• Exercise directions
Starting with the line with "Parkı Oldu Shanghai" in the entries below and going on through the line with "9473BB02163 Een film", output every line exactly and nothing more. No pictures.

----- Extracted entries

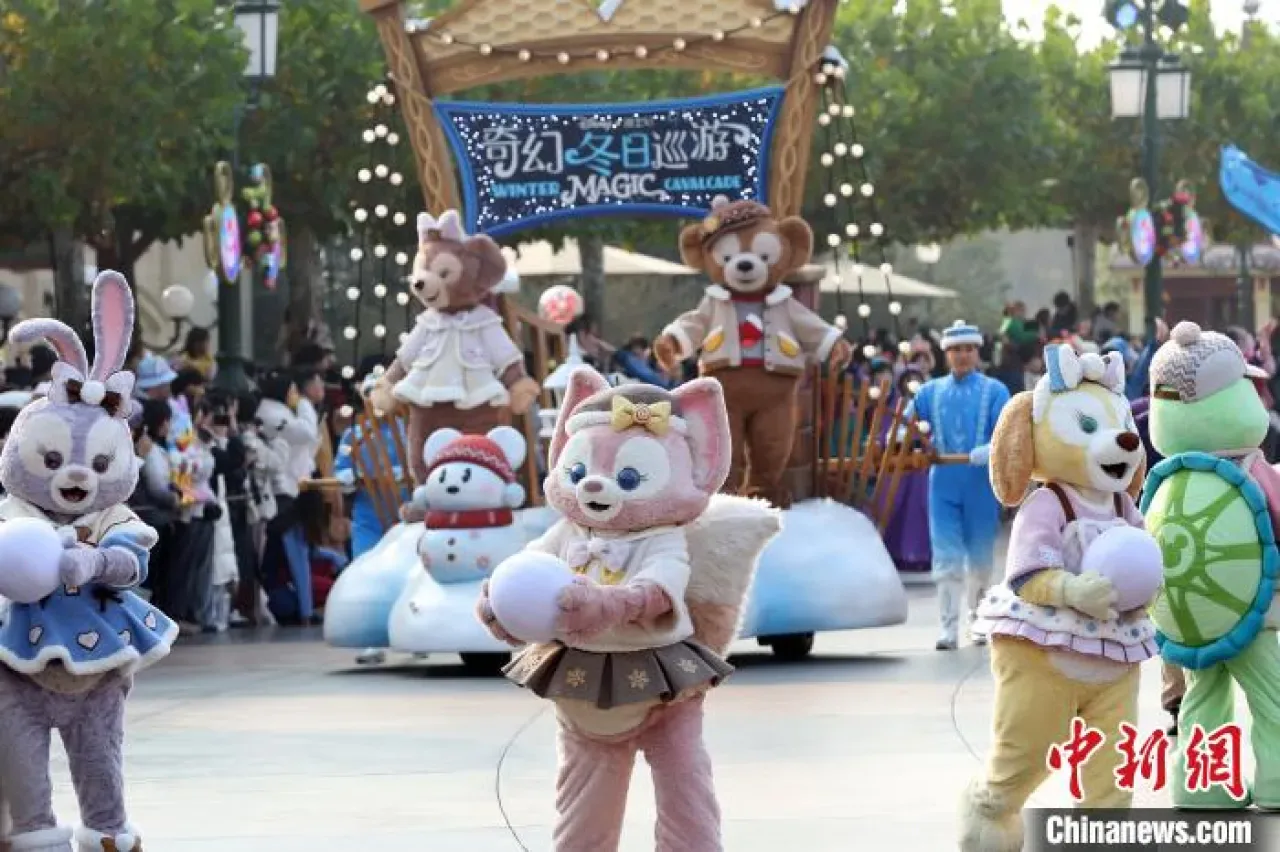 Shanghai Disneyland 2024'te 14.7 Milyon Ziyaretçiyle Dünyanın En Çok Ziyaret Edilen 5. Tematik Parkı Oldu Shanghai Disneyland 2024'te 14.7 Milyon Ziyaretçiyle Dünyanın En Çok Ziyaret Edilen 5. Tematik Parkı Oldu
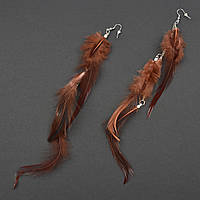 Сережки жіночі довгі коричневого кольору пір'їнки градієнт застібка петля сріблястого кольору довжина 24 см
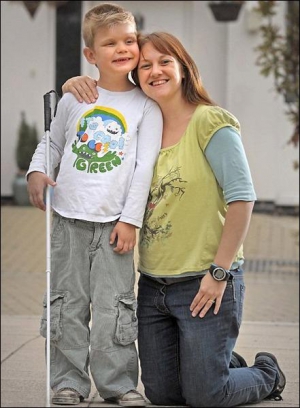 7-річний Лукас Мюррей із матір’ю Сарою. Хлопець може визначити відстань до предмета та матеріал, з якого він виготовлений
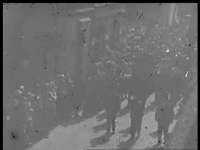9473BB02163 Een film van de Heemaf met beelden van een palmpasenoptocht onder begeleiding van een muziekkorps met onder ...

----------
----- Extracted entries

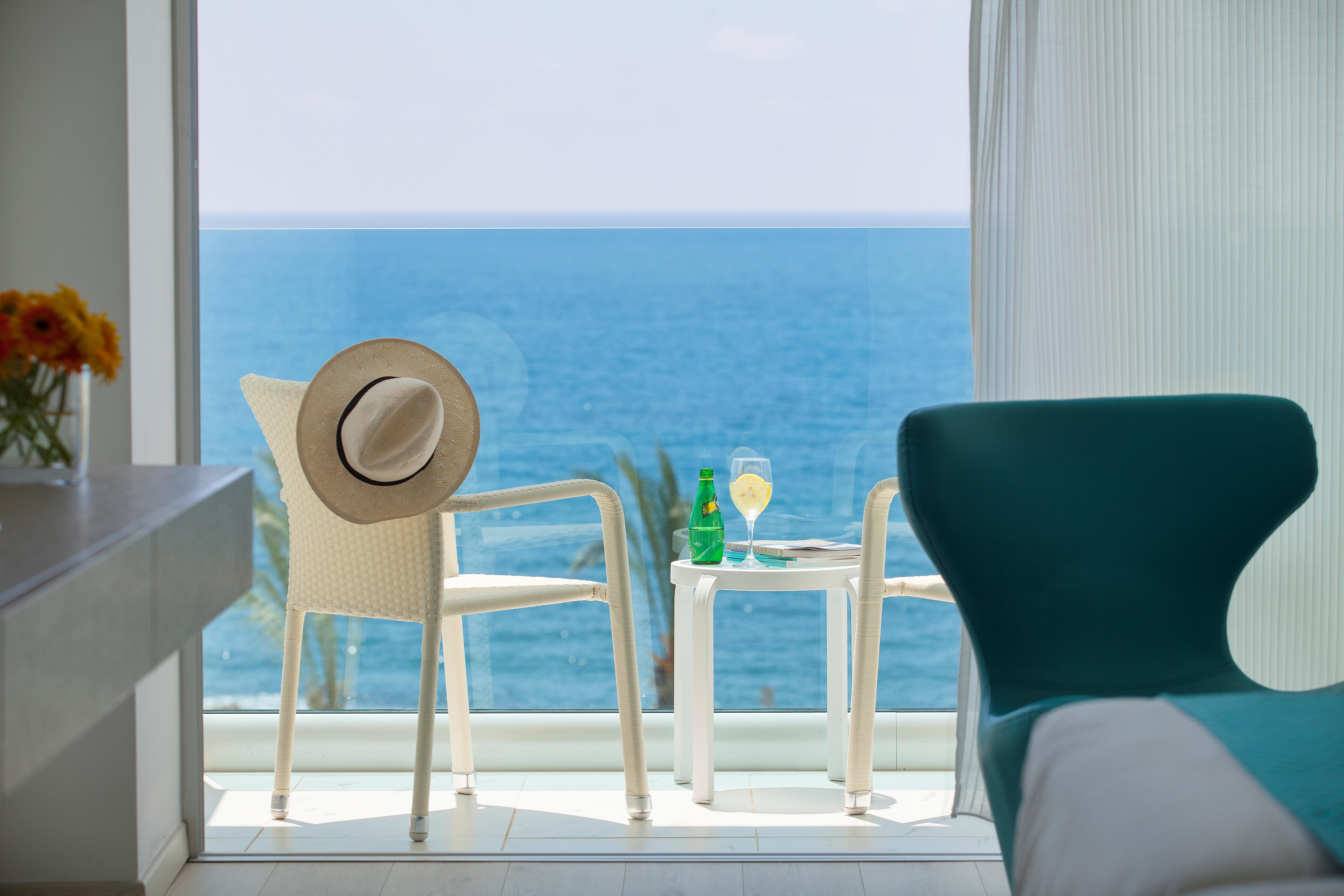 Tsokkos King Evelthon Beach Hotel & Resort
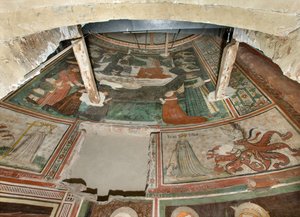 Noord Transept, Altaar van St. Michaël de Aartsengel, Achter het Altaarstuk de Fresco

----------
----- Extracted entries

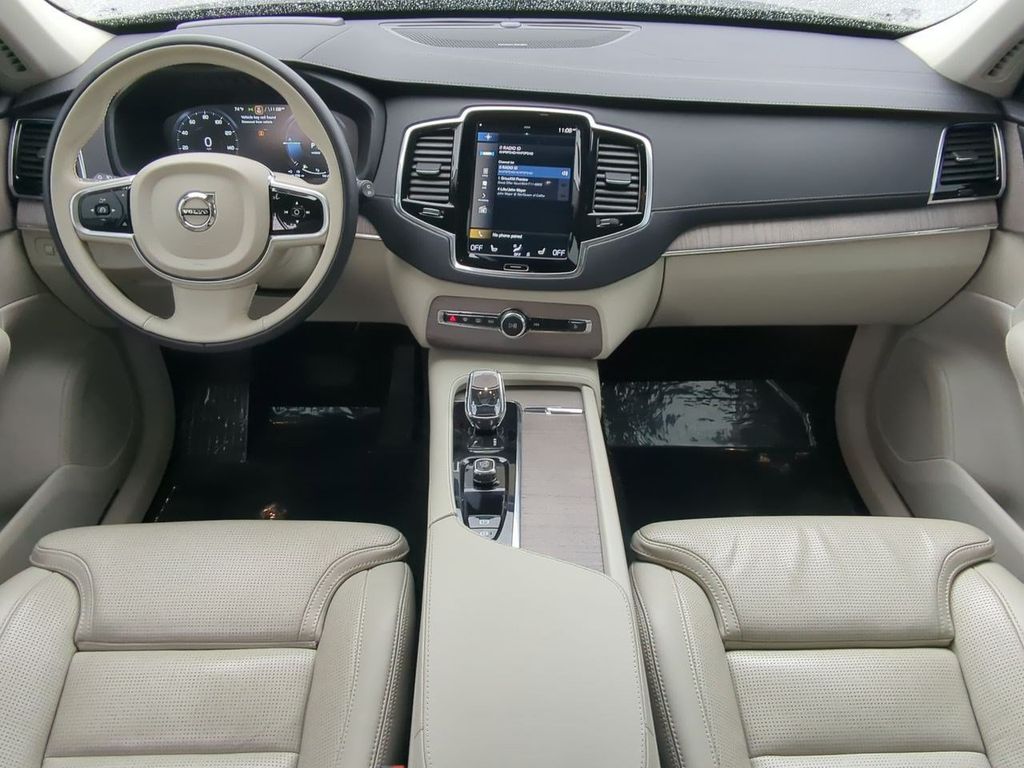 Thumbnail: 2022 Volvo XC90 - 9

----------

• Answer to this task
 Shanghai Disneyland 2024'te 14.7 Milyon Ziyaretçiyle Dünyanın En Çok Ziyaret Edilen 5. Tematik Parkı Oldu Shanghai Disneyland 2024'te 14.7 Milyon Ziyaretçiyle Dünyanın En Çok Ziyaret Edilen 5. Tematik Parkı Oldu
 Сережки жіночі довгі коричневого кольору пір'їнки градієнт застібка петля сріблястого кольору довжина 24 см
 7-річний Лукас Мюррей із матір’ю Сарою. Хлопець може визначити відстань до предмета та матеріал, з якого він виготовлений
9473BB02163 Een film van de Heemaf met beelden van een palmpasenoptocht onder begeleiding van een muziekkorps met onder ...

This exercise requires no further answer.